Went to Emerald Isle for a nice relaxing week of vacation and while there, thought I would contact Tommy for some casting assistance. Tommy was very accomodating and we set up a time to meet on Sunday afternoon at the airport and throw a little lead. I brought with me my Abu Blue Yonder 6500 CT and my favorite casting rod, the Fusion. 

Now, I would qualify myself as a 'lazy' fisherman, lazy in the sense that I am not too concerned with my casting distance as I can get the bait out there about 100 yards or so as needed to get to the fish but getting more distance is always a plus (and not having to listen to Crawfish and NTKG rag on me about my casting is even better!  ) and so, Tommy and I went to work. 

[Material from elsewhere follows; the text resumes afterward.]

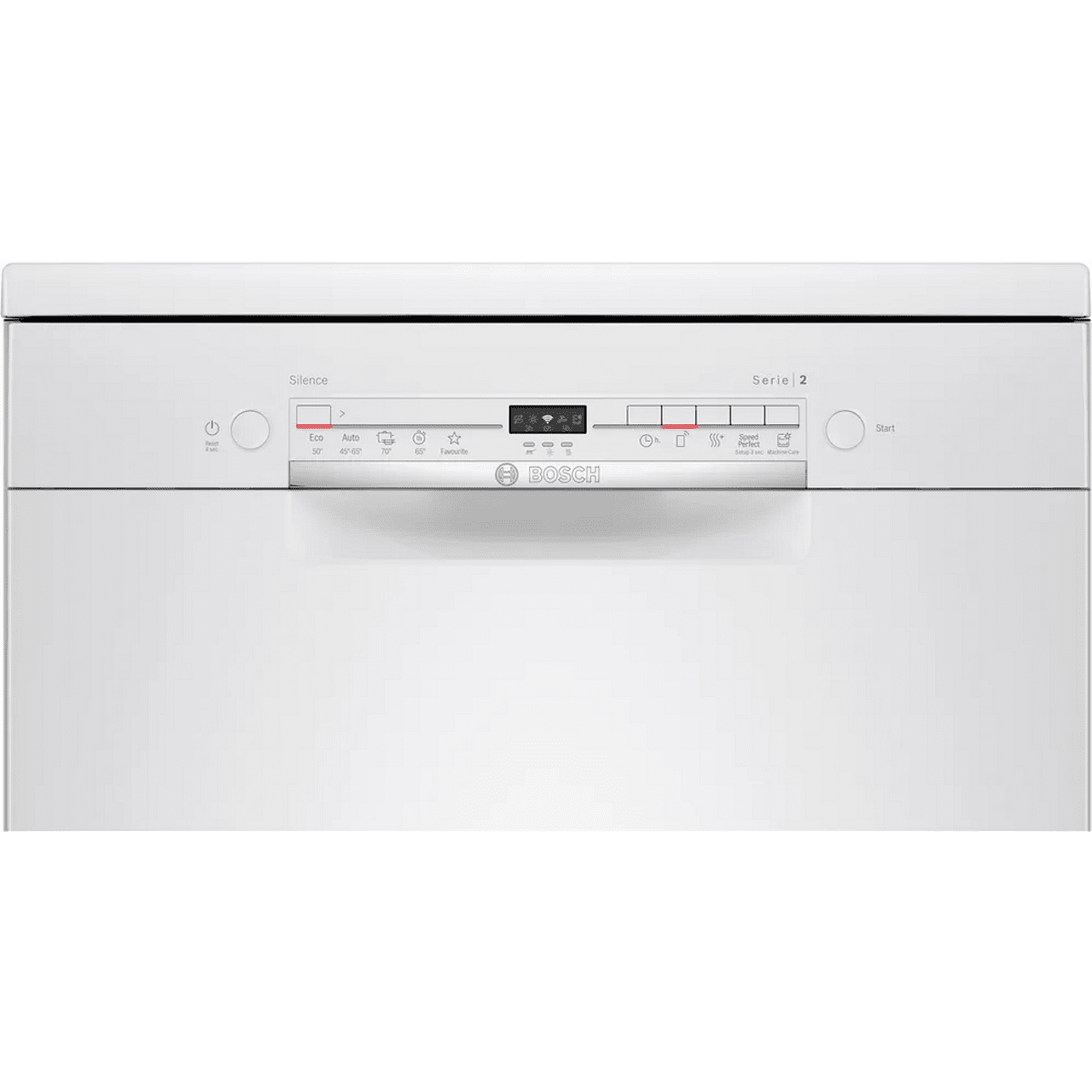 Bosch SMS2ITW11E- 12 sets- E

After watching Tommy unload a couple of casts over 800'  , I set the benchmark for my own casts with my first one going 322'. Tommy politely asked me my goal for the day and I laughed quoting him the 'lazy fisherman' story. He just smiled and said he had one in mind and would tell me later. We worked on my basic stance and throwing motions for the Hatteras and OTG casts. My distance kept going up...upper 300's, low 400's, upper 400's and finally over 500 feet  (503 to be exact)! Thought I should quit for the day after that one and Tommy then told me after watching me throw initially, his goal for me was 500 feet for the day. This is by no means the limit as there is definite room for improvement and refinement.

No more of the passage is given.